Now, here is my simple answer! The answer with the majority of today’s couples is that they don’t talk about things. They don’t take the time to work things out and get through the tough times. They don’t know how to really fight for what they want, which sometimes shows with other relationships too such as work, family, and friends. Now what is the reason for that? Honestly I don’t know, it could be because Divorce is such an easy option, because they are too lazy to fight for what they want, or maybe even because they don’t know how to fight for what they want. Whatever the reason, we need to be the ones to show people that divorce shouldn’t be the answer unless nothing else can be done.
Did you know that 49% of marriages end in divorce?
I got married when I was young to my first husband and at the time only went through with it because others were pushing it and I thought I didn’t have any other choice. After only 6 months we were separated and within a year were divorced because of unspeakable things that he did and went to jail for. If there were people there telling me that I didn’t have to go through with it or that we didn’t HAVE to get married then I wouldn’t of made such a terrible mistake that I will not regret for the rest of my life. In my circumstance though divorce was absolutely necessary as is in some circumstances.
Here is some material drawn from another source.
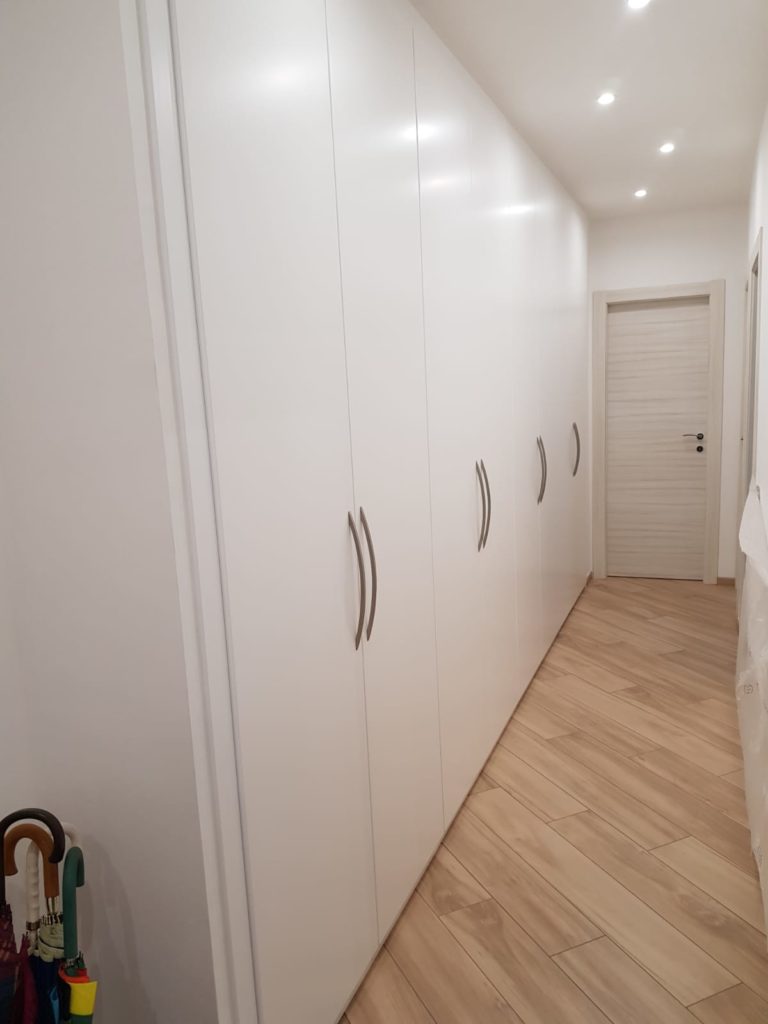 armadio a muro laccato a 8 ante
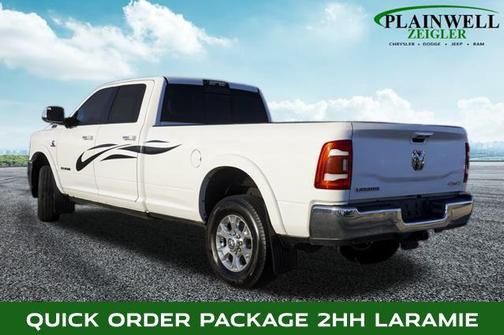 2019 RAM 3500 Laramie Crew Cab 4x4 8' Box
Divorce is so much more than just you and your husband separating, especially when there are children involved. What example are you setting for you children, that it’s ok to promise to love someone forever and then just leave instead of trying to work things out? That you don’t have to honor promises? What kind of guide do you set for your children to base their relationships off?
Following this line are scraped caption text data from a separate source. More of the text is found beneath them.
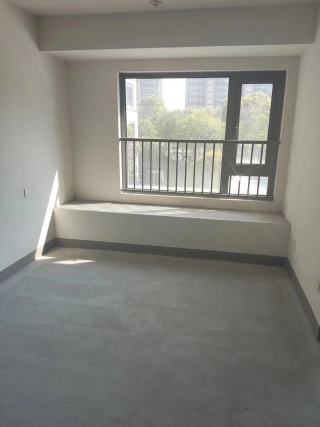 融创微风之城(公寓住宅) 3室2厅2卫 133.28m² 120万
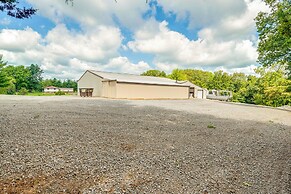 Murphysboro Retreat w/ Deck Near Kinkaid Lake!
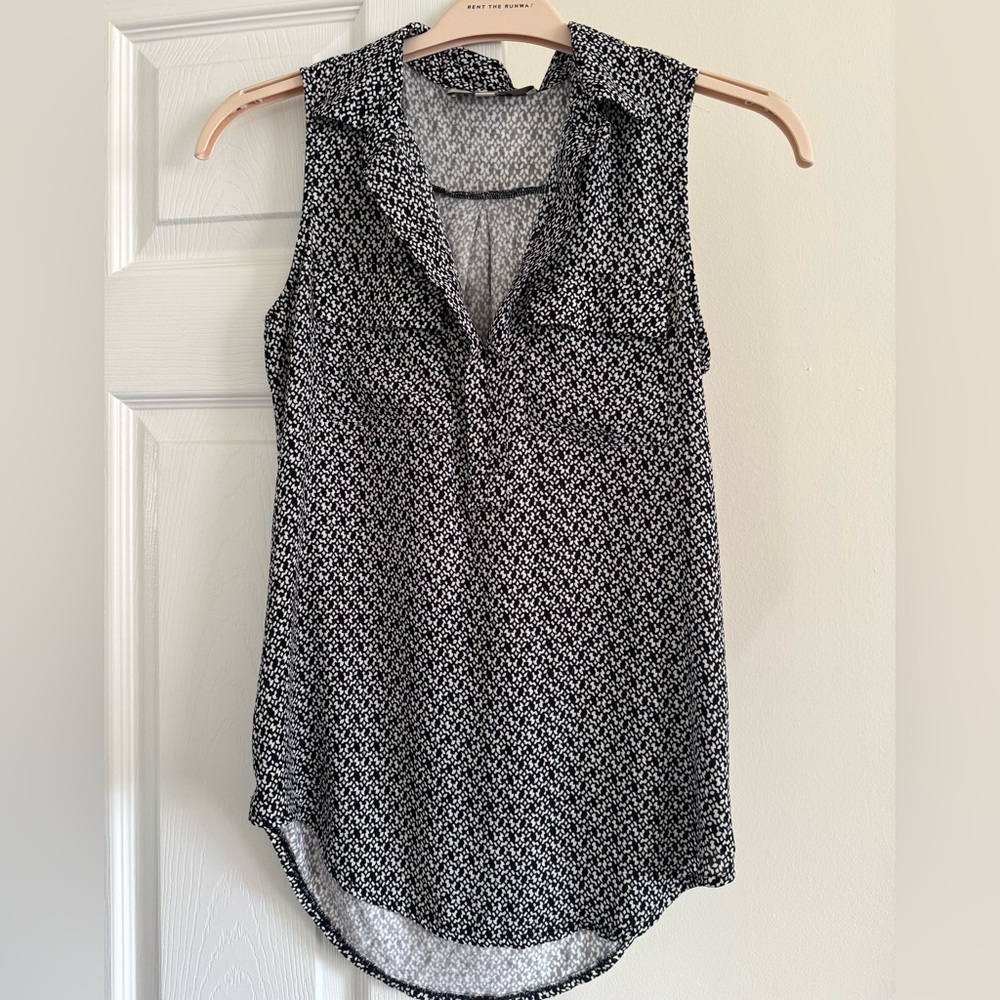 Loft sleeveless geometric patterned blouse Sz XS collar chest pockets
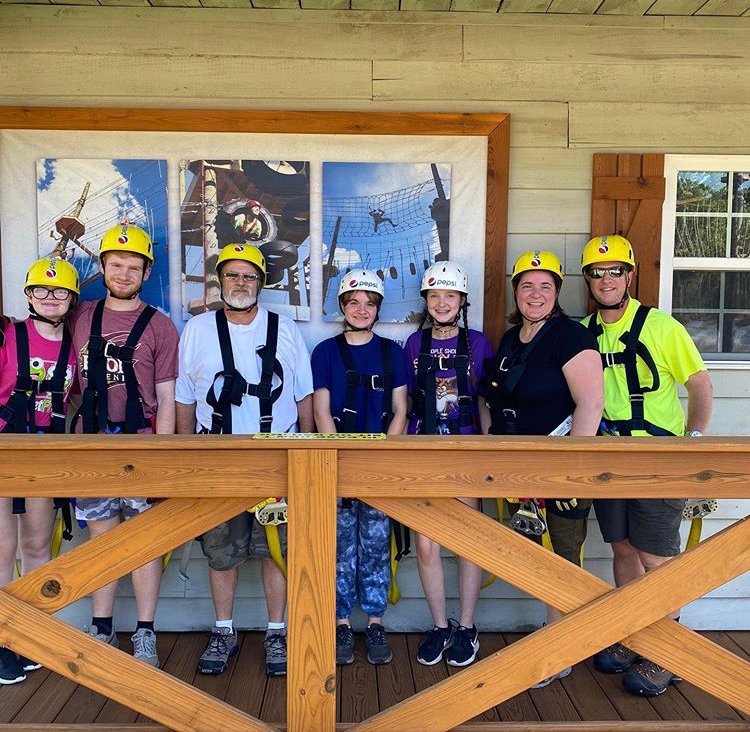 TheHeartofNC's tweet photo. Looking for a different outdoor adventure? Head to @kerseyvalley zipline in #ArchdaleNC for high-flying fun! 📸: @kerseyvalley #CountOnMeNC #VisitNC #theHeartofNC https://t.co/7j5qwtfNgR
What if instead we start teaching our children the importance of relationships? Showing them a great base relationship that they will use to base off their own relationships for the rest of their lives? What if we teach our young girls that marriage shouldn’t be gone into lightly? That you can love someone but they still not be the right person to get married?
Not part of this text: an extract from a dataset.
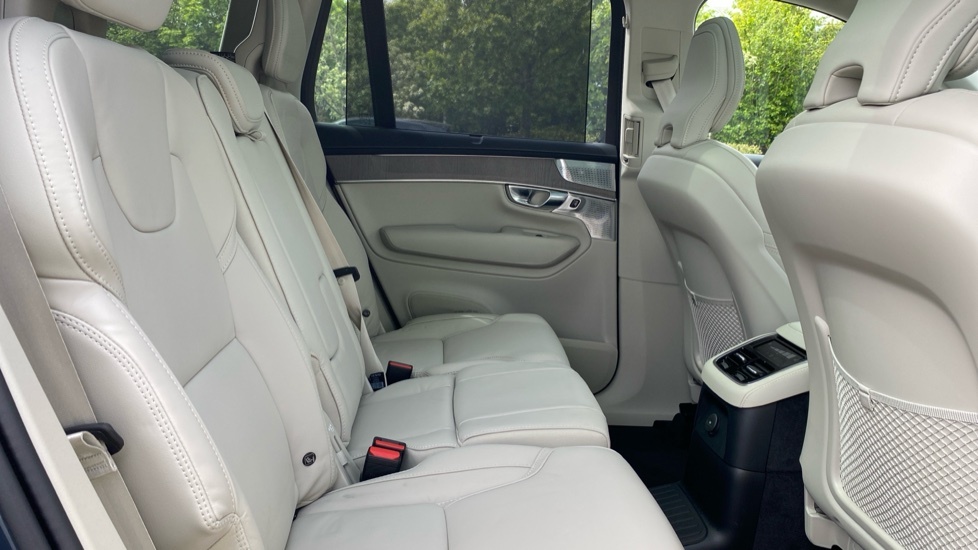 Volvo XC90 Ultra Blue #6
So now I make it a point to show our children what a good relationship is like, we do argue in front of the kids and I know others would disagree with that. However, we also explain things to our kids and not just treat them like they wouldn’t understand anything. We explain to them that sometimes we disagree and fight about things, but we Always work things out and are better because of it. We talk with our 11 yr old twin girls about not giving up like the woman in the story – Yes we shared it with them, and then we explained why their relationship was so wrong.
What kind of relationship base are you setting for you children? What could you do better? What are you great at in portraying a good relationship?